• Exercise
Output only the lines below from the one holding "P.B.P X IDE WASTELAND PANTS" down to the one holding "ONE CONNECT Box, BN91-21160L SOC1002R", both end lines included and every picture dropped.

• Data in this exercise
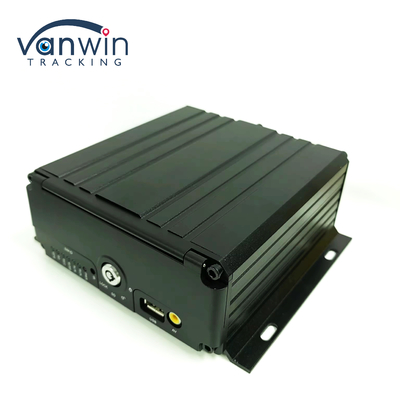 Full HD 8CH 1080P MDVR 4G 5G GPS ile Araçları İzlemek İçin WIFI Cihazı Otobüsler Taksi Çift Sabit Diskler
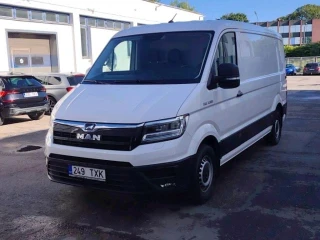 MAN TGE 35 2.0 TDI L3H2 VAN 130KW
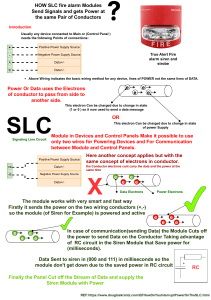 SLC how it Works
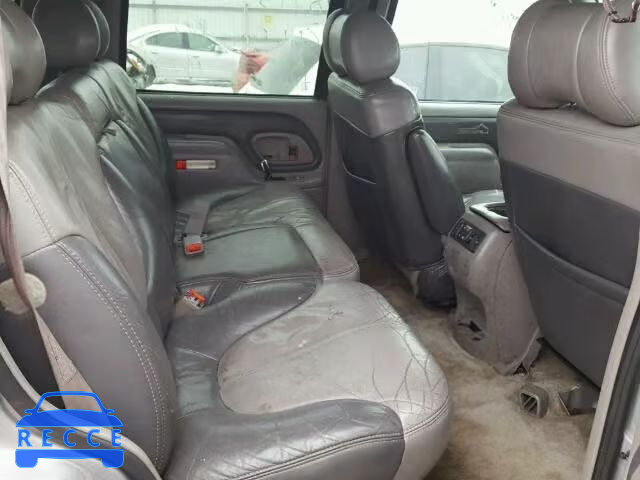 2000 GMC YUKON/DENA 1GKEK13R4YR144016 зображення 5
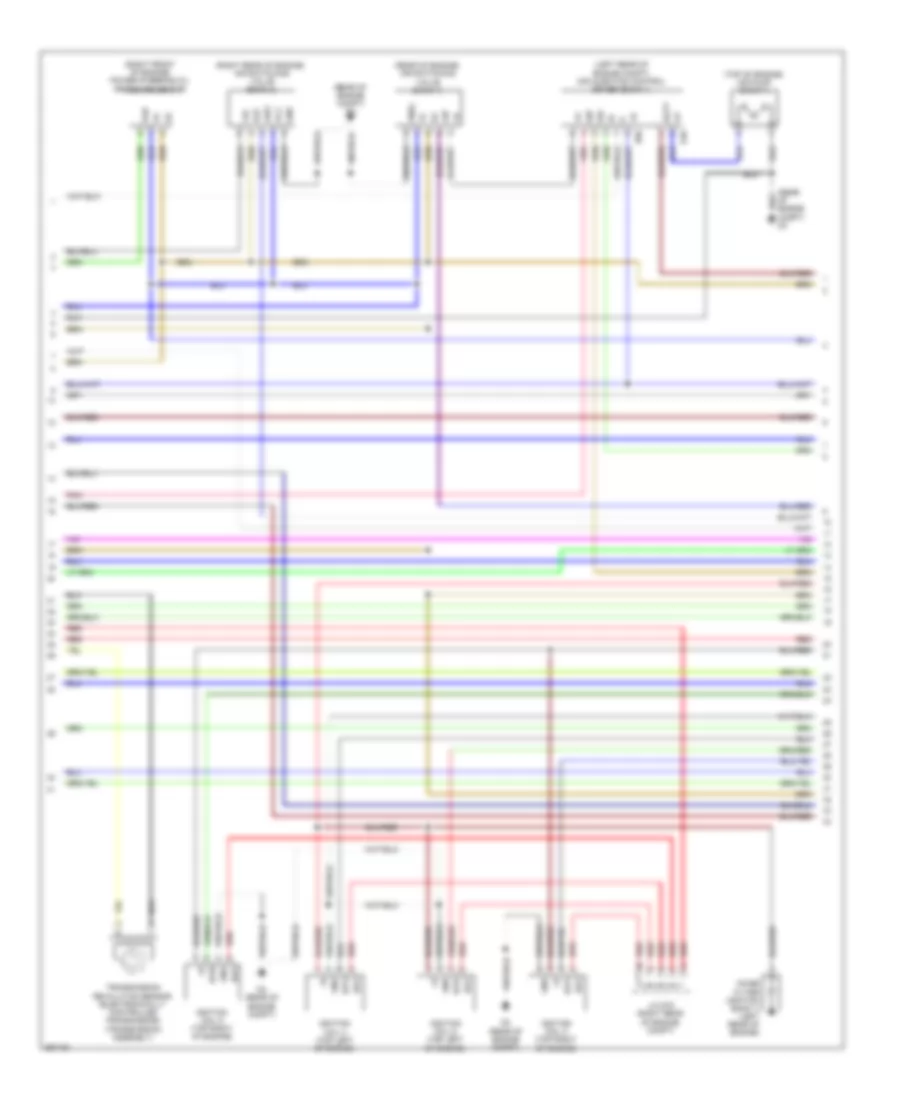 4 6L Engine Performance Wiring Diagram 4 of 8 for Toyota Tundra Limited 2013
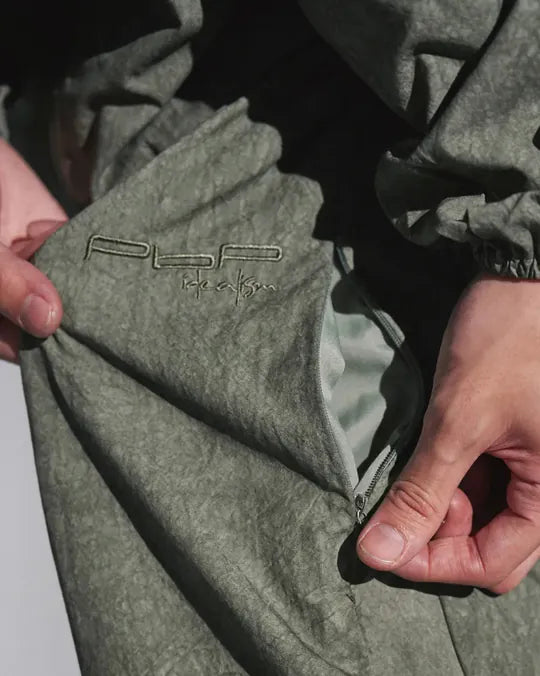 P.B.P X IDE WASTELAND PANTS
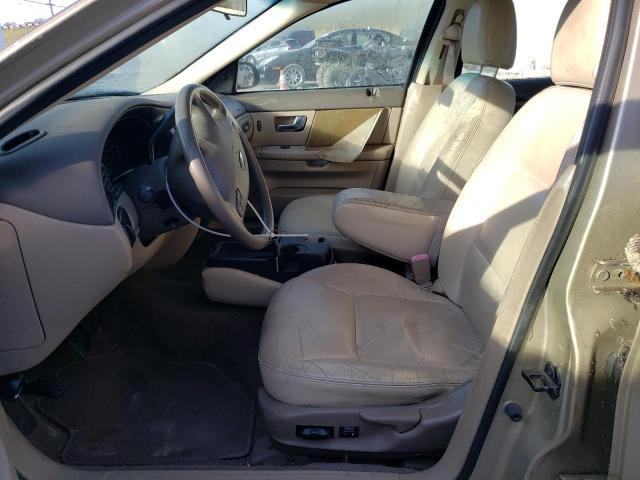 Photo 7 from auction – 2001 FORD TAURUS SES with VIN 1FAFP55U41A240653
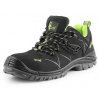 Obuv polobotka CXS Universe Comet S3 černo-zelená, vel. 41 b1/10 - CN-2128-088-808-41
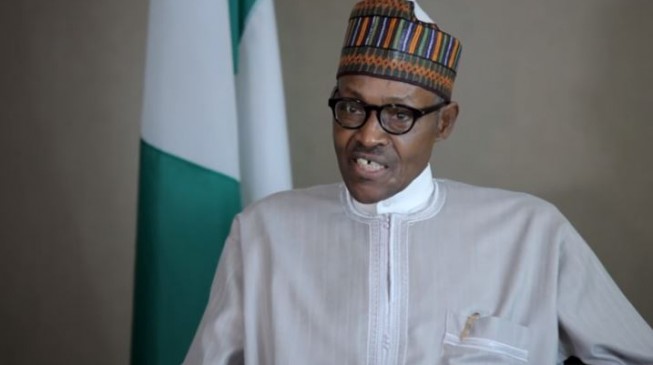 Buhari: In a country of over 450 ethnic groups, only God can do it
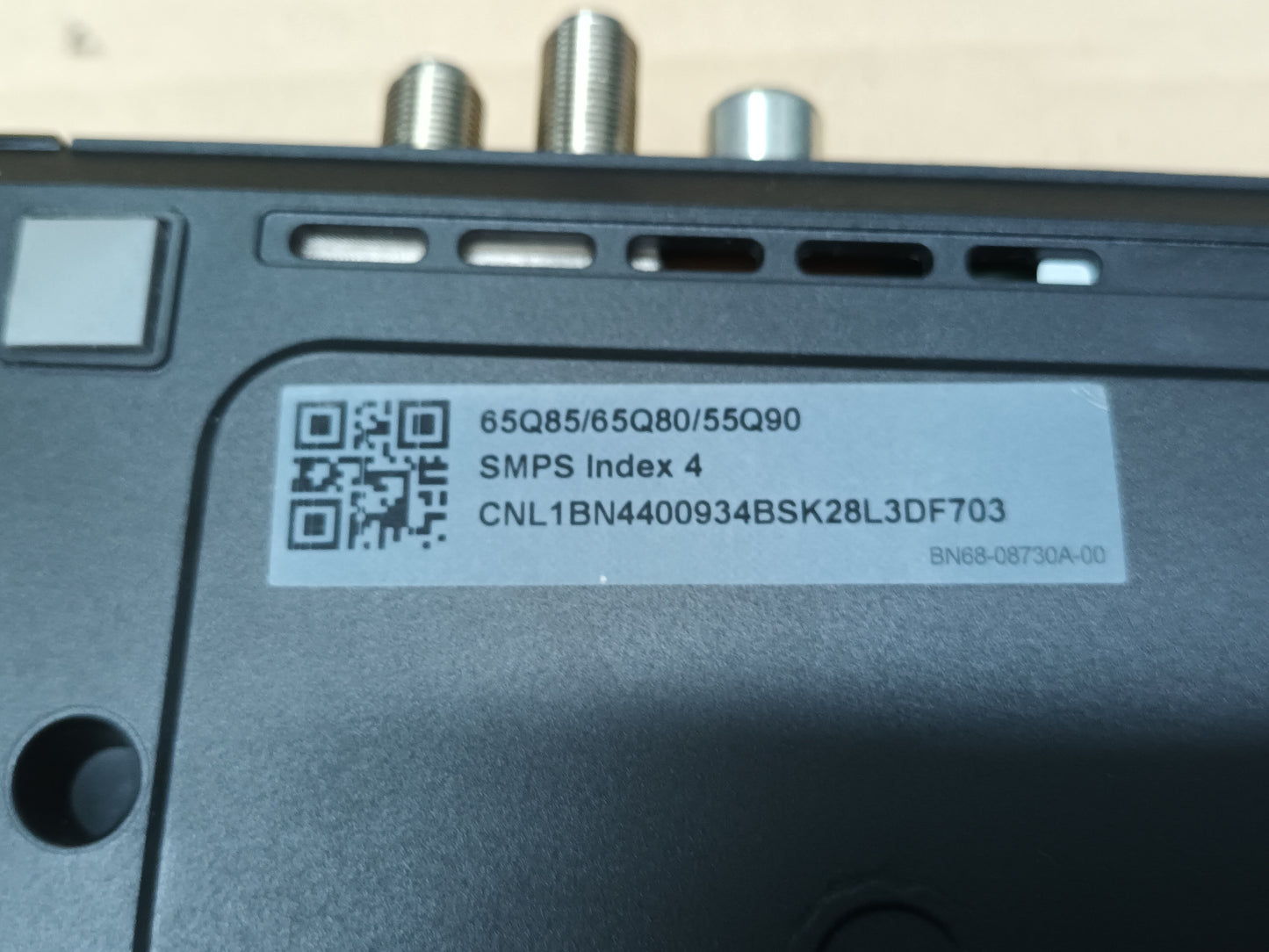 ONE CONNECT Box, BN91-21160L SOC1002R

==

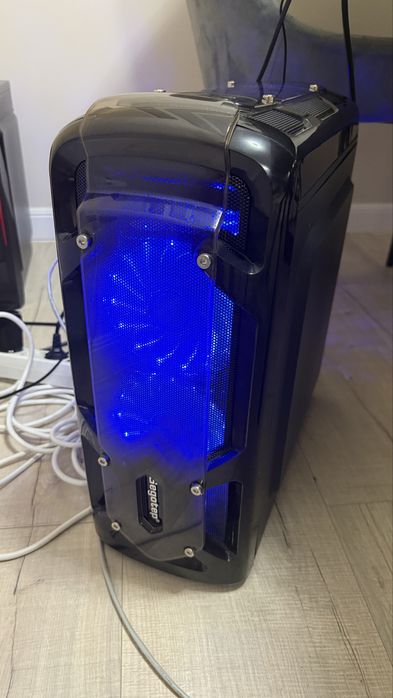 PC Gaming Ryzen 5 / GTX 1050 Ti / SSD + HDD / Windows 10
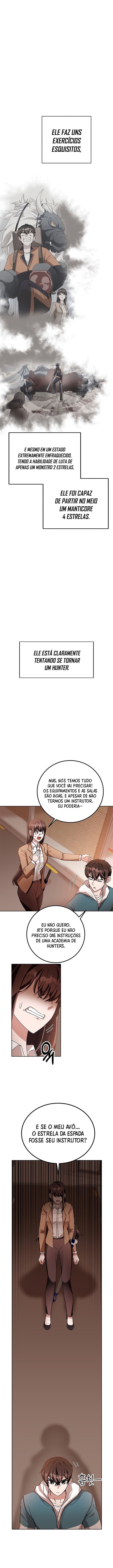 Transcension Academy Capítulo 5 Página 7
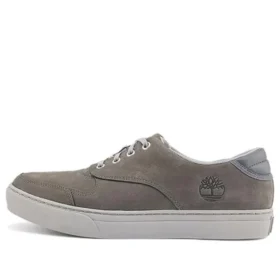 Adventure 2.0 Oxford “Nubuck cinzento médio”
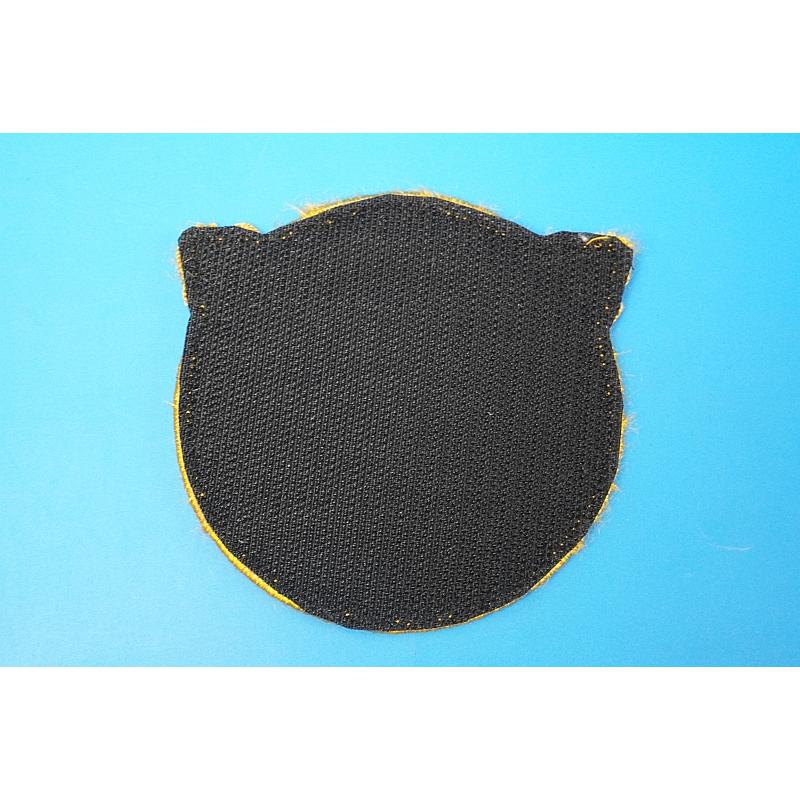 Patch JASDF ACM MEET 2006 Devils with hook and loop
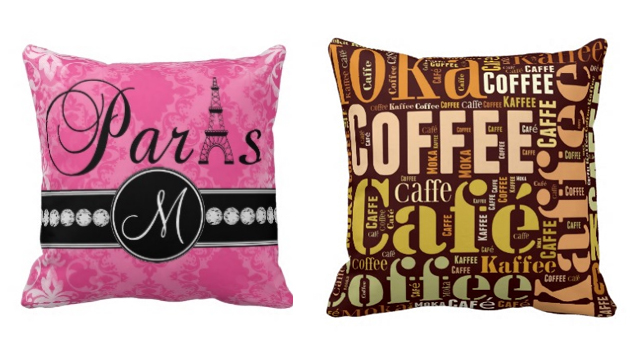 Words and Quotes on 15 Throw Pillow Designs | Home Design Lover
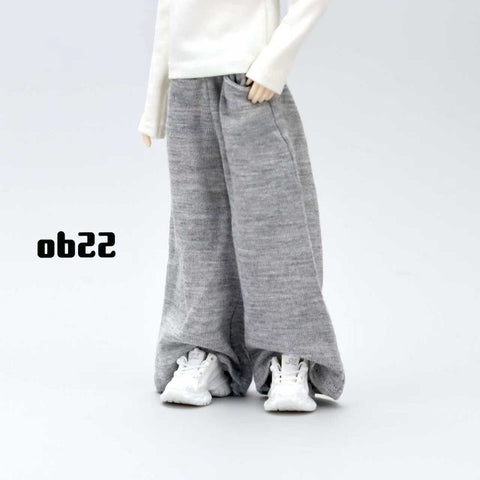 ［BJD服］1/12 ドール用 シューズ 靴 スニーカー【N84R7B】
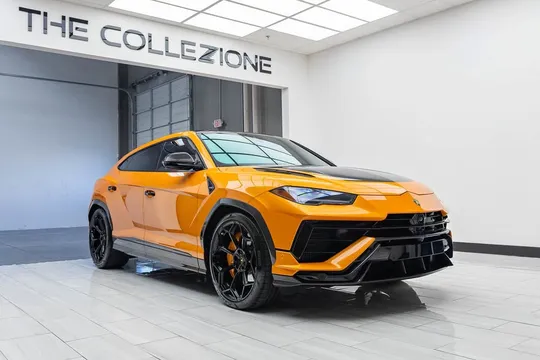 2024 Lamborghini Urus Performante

---

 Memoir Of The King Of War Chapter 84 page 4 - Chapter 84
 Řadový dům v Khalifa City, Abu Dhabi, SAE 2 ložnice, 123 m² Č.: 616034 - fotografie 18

• Your response
 P.B.P X IDE WASTELAND PANTS
 Photo 7 from auction – 2001 FORD TAURUS SES with VIN 1FAFP55U41A240653
 Obuv polobotka CXS Universe Comet S3 černo-zelená, vel. 41 b1/10 - CN-2128-088-808-41
 Buhari: In a country of over 450 ethnic groups, only God can do it
 ONE CONNECT Box, BN91-21160L SOC1002R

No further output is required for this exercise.